Overall though, I should be comfortable, aye safe, with jumping. But I am not. And as soon as it gets higher...uh oh.
However, my sensible side reminds me that the danger, at low levels is pretty minimal. Certainly no worse then galloping over fields or working dressage in a spooky ring. And so I remind myself of this and do it anyway. But I try to do it in a way that minimizes my fears. Is that bad? Probably not.
I use the fear that should hold me back in a positive way by taking pride in overcoming it. And facing it. But I remain respectful to the fact that it exists.
If we take the generally accepted definition of bravery as a quality which knows no fear, I have never seen a brave man. All men are frightened. The more intelligent they are, the more they are frightened.
- George S. Patton
I think, perhaps I wonder, if we as a society have told ourselves, convinced each other, that fear is bad. Nasty. Weak people have fears. Unstable people have fears.
How foolish is that?
We all have fears.
But, how do we know where fear ends, and self-preservation begins?

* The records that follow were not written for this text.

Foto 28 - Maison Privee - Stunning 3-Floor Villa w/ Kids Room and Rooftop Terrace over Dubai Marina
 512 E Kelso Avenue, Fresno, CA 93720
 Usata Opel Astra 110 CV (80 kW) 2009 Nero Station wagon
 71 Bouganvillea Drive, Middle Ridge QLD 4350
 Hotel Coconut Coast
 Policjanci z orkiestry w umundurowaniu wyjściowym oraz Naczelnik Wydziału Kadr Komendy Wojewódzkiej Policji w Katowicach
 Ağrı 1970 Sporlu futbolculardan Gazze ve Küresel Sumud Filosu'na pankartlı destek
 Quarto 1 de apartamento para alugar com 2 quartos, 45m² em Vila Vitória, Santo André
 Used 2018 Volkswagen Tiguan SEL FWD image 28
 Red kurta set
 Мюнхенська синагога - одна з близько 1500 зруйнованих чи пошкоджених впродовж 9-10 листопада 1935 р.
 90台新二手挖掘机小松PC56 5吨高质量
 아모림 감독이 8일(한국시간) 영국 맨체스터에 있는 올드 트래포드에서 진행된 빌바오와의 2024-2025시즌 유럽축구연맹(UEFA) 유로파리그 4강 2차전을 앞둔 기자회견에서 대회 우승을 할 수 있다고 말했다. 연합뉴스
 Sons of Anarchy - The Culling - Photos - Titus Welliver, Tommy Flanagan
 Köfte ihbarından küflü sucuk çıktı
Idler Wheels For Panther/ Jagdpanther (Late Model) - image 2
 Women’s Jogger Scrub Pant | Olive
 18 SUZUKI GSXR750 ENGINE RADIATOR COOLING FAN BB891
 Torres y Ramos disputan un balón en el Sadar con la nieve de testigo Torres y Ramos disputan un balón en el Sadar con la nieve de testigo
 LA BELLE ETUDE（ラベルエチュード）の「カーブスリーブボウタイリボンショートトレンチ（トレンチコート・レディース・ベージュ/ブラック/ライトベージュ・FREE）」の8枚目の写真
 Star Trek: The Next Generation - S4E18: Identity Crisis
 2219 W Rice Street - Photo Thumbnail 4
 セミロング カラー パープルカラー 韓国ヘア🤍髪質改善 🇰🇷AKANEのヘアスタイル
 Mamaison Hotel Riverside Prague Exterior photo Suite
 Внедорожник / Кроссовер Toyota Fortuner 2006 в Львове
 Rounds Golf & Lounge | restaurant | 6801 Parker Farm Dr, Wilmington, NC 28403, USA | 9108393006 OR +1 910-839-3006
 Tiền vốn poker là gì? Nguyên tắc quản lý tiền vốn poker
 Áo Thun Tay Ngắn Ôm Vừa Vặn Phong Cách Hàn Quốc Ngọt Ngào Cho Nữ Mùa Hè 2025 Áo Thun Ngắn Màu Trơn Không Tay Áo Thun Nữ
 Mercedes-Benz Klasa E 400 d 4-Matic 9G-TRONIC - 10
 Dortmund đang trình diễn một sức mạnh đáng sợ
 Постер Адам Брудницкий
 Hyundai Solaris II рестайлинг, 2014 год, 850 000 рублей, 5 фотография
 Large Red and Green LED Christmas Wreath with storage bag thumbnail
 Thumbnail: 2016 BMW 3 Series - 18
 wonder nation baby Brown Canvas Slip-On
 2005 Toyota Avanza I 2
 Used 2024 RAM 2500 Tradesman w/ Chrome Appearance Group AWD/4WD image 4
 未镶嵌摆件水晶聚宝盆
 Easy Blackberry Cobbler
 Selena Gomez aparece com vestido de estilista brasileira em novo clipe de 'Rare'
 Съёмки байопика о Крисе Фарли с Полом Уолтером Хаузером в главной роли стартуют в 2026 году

We can't all be sky divers. Some of us are too scared. Is that a bad thing? Hardly.
We can't all rush out and jump 4'. Is that a bad thing? No. Show jumping would be a lot less impressive if we could all do it.
Our lives only last so long. I've come to realize, in the short time that I've walked the earth, that I haven't time for things I don't enjoy. I haven't time to waste doing things that scare the bejeebers out of me. I do have time for things that inspire me. Things that are challenging and just "scarey" enough to encourage me to work hard and be safe while doing it.
I learn to embrace those things. I learn to distinguish between the good fears and bad. The positive and the negative. The fears that make me a better person, and the ones that I allow myself to be convinced make me a worse person.
I'm not. My fears are not who I am. They are not me. I am me. And I will not, can not, never will, allow them to define me. Nor will I let others define me by them.
I WILL NOT face all of my fears. I refuse. I refuse to watch horror movies because they scare me. I have NOTHING to prove by sitting through them. I will not drive over 10 km/hr in a parking lot due to an unrational fear that I'll run someone over. You can't make me. I will remain scared of those ugly sow bugs that crawl out from under the picnic table every Spring, I will triple check that the stove is turned off before I leave the house out of an irrational fear that I'll burn it down. I will be scared of the tallest water slide (but still go on it!) and I will refuse to watch television shows with dismemberment. I refuse.
And I will not overcome all of my fears. I won't. I will do as I chose, when I chose. I will be pleased with who I am, and embrace my sense of self preservation, my fear that protects me. And when and if I feel like it, on any given day in any given year, I'll address those fears that hold me back.
But I'll do that my way, surrounded by those I love, trust and believe in. And I will take the same mentality, the same pathway for my horse, my dog, my family. Fear is, as I said, only what I chose to make of it. And I'm making it into nothing.
I've everything to fear, but NEVER fear itself.
Courage is knowing what not to fear.